--- EXERCISE PROMPT ---
Filter these entries, keeping only lines that hold the word "Animal".

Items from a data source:
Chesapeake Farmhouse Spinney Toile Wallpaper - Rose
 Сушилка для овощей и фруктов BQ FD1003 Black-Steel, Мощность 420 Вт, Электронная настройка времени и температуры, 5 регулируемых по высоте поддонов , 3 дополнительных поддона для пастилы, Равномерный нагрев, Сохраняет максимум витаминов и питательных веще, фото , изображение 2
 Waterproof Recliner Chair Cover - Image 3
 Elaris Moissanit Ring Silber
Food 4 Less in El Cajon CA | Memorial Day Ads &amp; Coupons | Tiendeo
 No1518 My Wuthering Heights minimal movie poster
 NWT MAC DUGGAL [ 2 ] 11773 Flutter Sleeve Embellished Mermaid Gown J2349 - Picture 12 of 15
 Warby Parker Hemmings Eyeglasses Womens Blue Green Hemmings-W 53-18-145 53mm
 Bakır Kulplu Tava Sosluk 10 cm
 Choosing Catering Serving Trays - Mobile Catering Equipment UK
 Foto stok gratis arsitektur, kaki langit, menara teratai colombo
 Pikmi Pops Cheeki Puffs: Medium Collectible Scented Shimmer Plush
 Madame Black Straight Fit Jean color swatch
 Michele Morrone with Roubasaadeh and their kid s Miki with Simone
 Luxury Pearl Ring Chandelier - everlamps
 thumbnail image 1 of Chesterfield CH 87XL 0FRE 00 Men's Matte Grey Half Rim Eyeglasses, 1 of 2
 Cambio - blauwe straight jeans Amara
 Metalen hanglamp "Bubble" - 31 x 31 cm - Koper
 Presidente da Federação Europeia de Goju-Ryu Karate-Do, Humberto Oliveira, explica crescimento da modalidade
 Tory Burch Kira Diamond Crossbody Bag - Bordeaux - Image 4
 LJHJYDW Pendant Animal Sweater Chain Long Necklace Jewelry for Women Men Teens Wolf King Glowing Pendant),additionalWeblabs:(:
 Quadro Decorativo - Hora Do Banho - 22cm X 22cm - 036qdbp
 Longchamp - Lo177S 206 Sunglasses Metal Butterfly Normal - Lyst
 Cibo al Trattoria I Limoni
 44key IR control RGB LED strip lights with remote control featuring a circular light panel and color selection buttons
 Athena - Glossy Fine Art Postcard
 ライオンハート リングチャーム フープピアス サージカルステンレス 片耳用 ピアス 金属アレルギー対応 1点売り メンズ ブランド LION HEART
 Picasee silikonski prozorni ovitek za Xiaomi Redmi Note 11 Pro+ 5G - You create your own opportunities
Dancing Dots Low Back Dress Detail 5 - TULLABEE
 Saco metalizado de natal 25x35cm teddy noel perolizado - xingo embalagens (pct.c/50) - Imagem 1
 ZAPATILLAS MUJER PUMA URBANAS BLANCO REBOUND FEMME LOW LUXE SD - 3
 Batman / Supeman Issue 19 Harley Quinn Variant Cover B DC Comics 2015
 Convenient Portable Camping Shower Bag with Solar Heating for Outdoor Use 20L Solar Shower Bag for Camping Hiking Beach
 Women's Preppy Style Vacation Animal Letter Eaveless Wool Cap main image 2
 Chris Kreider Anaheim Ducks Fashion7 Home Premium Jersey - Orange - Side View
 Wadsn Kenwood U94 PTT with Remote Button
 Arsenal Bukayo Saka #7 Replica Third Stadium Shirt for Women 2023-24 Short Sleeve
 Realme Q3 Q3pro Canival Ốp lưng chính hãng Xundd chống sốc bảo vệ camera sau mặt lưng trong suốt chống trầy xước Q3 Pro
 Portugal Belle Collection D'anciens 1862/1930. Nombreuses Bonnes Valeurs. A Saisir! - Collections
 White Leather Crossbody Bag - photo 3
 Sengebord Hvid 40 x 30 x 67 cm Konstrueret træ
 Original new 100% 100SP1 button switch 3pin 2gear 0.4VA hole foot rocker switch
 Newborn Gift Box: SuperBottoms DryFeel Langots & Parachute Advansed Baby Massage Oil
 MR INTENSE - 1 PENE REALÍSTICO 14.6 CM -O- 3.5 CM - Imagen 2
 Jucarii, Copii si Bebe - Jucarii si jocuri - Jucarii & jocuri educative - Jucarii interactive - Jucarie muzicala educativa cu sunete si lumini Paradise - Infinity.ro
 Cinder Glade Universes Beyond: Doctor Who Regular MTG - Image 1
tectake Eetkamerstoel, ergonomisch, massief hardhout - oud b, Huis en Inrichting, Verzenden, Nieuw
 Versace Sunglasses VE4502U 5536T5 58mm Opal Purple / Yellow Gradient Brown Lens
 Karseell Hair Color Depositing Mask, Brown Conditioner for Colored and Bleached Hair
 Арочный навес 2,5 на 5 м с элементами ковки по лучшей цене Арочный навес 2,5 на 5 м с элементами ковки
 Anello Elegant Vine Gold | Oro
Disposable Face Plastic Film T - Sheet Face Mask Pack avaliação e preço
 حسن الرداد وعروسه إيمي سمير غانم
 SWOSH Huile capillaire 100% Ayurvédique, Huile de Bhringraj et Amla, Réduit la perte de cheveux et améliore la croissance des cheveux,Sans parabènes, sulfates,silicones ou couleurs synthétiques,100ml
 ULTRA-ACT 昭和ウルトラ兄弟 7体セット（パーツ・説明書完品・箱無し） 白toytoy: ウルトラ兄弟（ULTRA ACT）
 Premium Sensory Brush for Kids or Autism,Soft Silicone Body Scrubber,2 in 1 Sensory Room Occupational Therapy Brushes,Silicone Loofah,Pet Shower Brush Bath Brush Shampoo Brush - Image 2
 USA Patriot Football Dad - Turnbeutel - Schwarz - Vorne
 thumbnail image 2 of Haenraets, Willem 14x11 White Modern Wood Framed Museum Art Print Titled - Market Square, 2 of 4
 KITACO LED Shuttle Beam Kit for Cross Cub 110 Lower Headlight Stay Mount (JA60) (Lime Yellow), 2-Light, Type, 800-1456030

--- RESULT OF THIS TASK ---
 LJHJYDW Pendant Animal Sweater Chain Long Necklace Jewelry for Women Men Teens Wolf King Glowing Pendant),additionalWeblabs:(:
 Women's Preppy Style Vacation Animal Letter Eaveless Wool Cap main image 2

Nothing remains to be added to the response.